Pictures are to be left out; every line from the one that holds "with a carved" to the end of the data is to be retyped exactly.

[Short web captions]
>>>>>

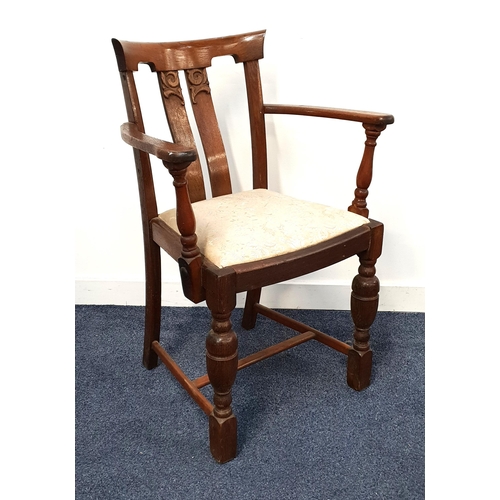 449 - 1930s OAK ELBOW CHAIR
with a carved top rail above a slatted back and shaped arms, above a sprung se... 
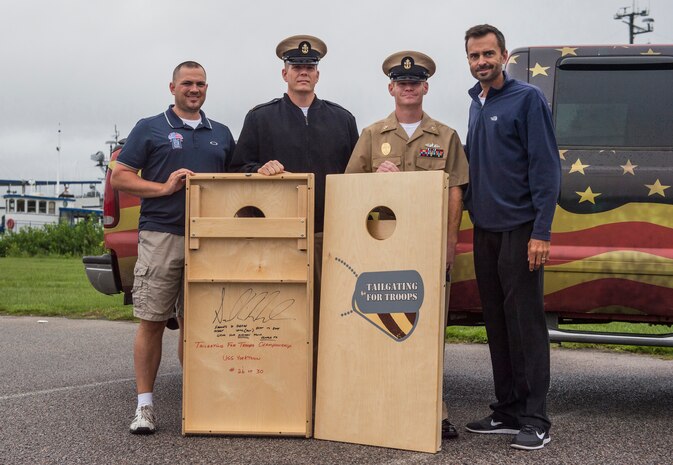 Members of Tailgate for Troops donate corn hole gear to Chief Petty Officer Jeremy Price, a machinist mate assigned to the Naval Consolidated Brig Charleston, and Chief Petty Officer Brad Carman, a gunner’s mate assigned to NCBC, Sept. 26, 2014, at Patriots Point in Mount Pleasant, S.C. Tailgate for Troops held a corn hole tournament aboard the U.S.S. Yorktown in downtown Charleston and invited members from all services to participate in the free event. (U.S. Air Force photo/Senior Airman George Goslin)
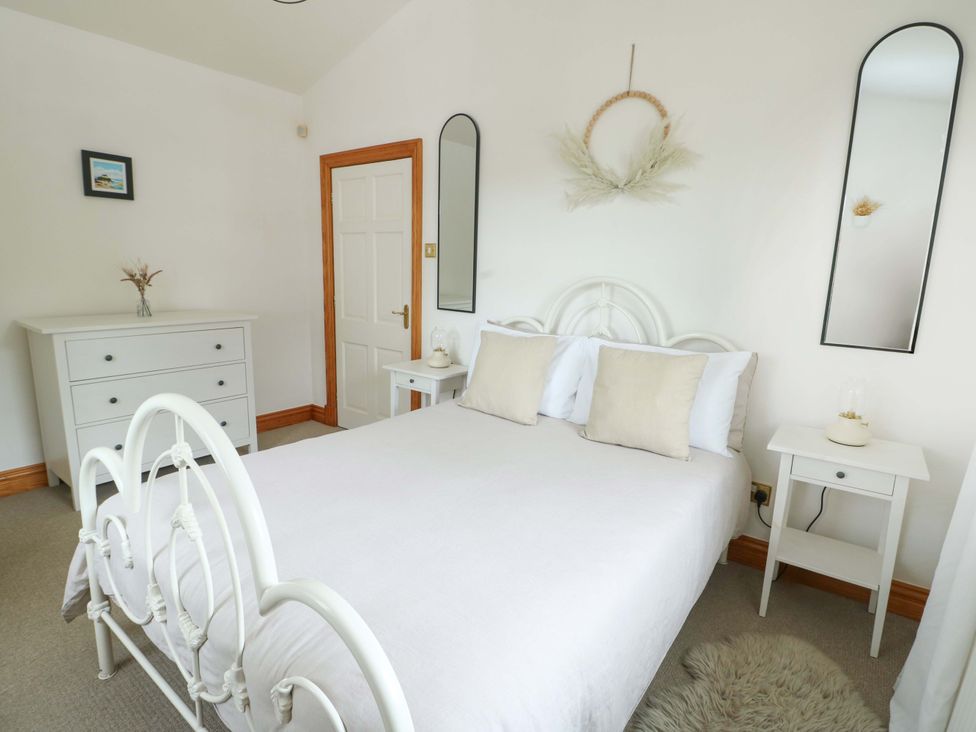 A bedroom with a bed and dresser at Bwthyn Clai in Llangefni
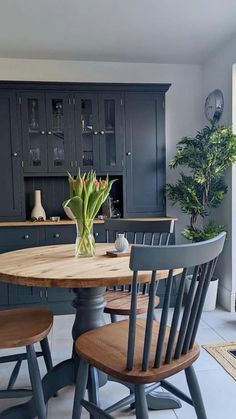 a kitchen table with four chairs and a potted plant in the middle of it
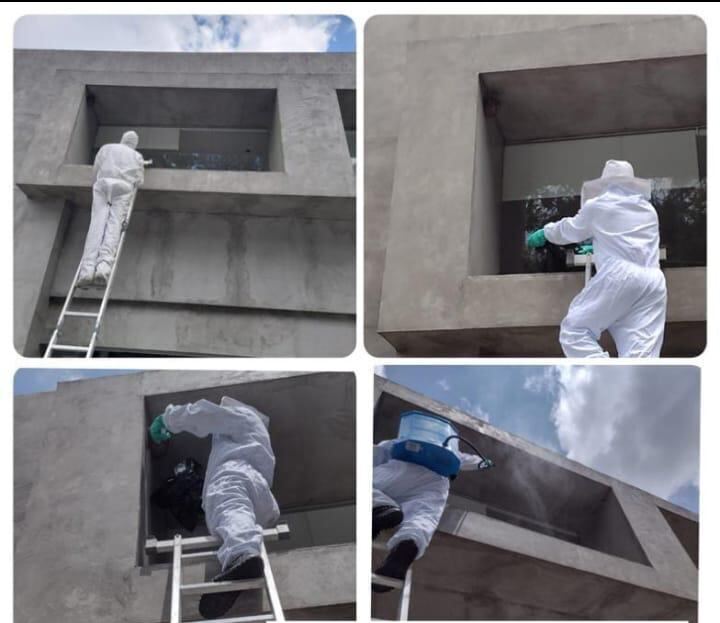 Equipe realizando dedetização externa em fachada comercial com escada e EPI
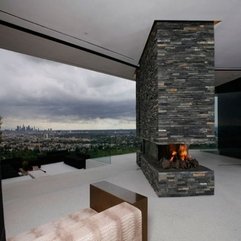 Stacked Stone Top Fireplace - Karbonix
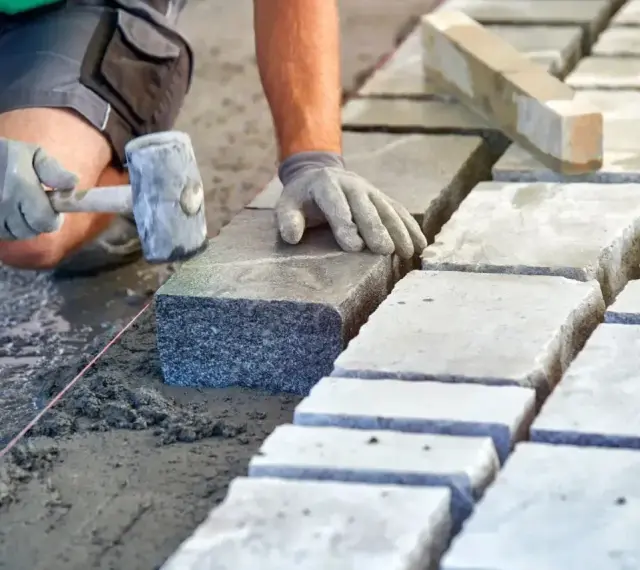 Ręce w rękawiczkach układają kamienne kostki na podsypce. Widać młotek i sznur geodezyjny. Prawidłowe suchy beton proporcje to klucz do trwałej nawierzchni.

<<<<<

→ SOLVED PROBLEM:
with a carved top rail above a slatted back and shaped arms, above a sprung se... 
 Members of Tailgate for Troops donate corn hole gear to Chief Petty Officer Jeremy Price, a machinist mate assigned to the Naval Consolidated Brig Charleston, and Chief Petty Officer Brad Carman, a gunner’s mate assigned to NCBC, Sept. 26, 2014, at Patriots Point in Mount Pleasant, S.C. Tailgate for Troops held a corn hole tournament aboard the U.S.S. Yorktown in downtown Charleston and invited members from all services to participate in the free event. (U.S. Air Force photo/Senior Airman George Goslin)
 A bedroom with a bed and dresser at Bwthyn Clai in Llangefni
 a kitchen table with four chairs and a potted plant in the middle of it
 Equipe realizando dedetização externa em fachada comercial com escada e EPI
 Stacked Stone Top Fireplace - Karbonix
 Ręce w rękawiczkach układają kamienne kostki na podsypce. Widać młotek i sznur geodezyjny. Prawidłowe suchy beton proporcje to klucz do trwałej nawierzchni.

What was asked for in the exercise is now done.